§ WHAT THE TASK ASKS:
Beginning with the line that contains "Departamento en venta", reproduce the remaining lines of the material exactly, up to and including the last one, but no pictures.

§ DATASET EXCERPT:
=== Section Start ===

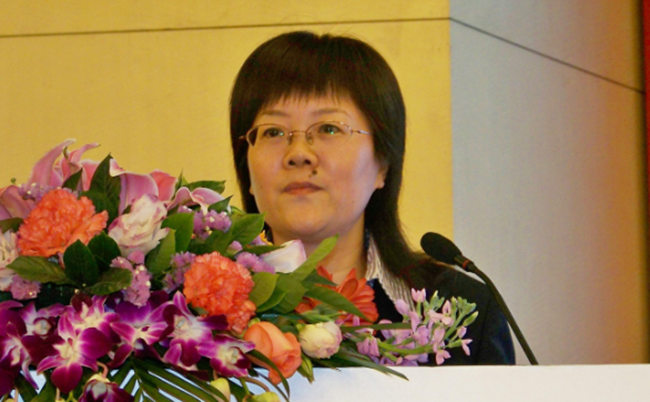 优胜客互联总经理、首席规划师郑爱军以"大数据环境下政府数据整合·城市级政务信息资源综合管理平台"为题作出演讲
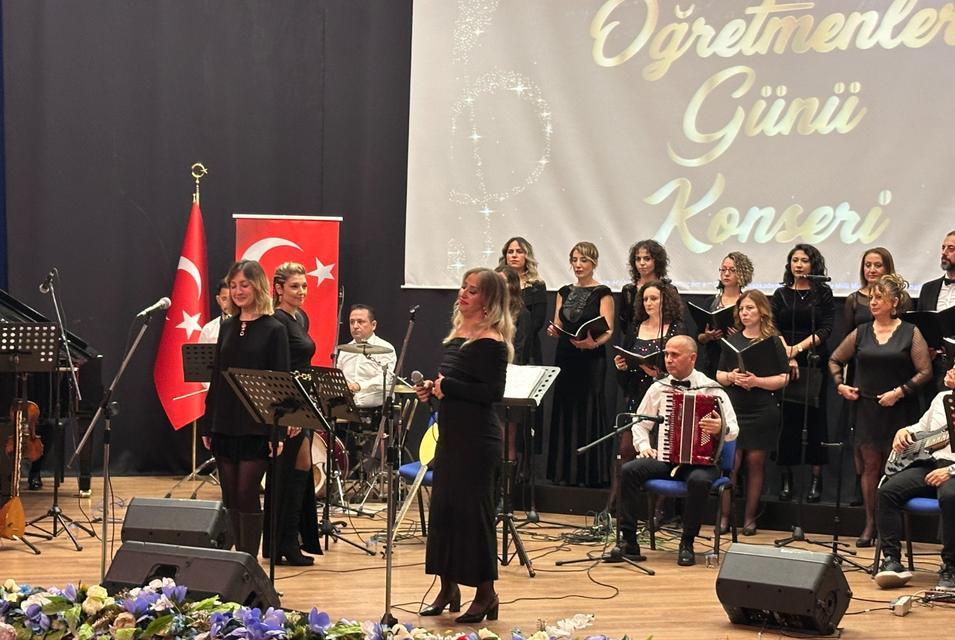 Aydın’da Öğretmenler Gününe özel unutulmaz bir konser düzenlendi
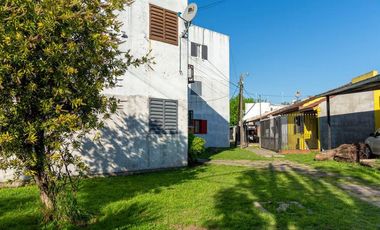 Departamento en venta - 3 Dormitorios 1 Baño 1 Cochera- 58mts2 - Villa Elvira [FINANCIADO]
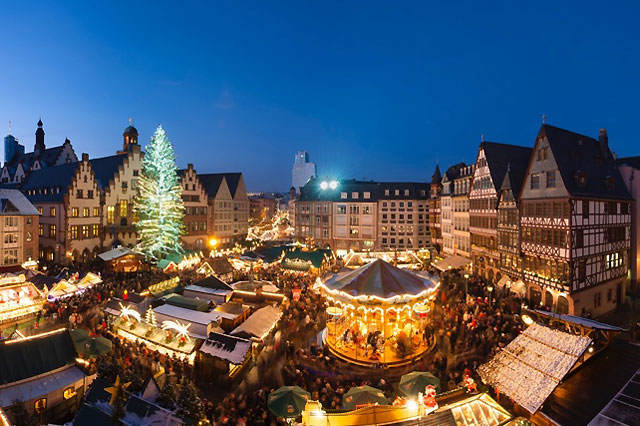 Christmas market in Frankfurt's Romerberg.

=== Section End ===

§ FINISHED TASK:
 Departamento en venta - 3 Dormitorios 1 Baño 1 Cochera- 58mts2 - Villa Elvira [FINANCIADO]
 Christmas market in Frankfurt's Romerberg.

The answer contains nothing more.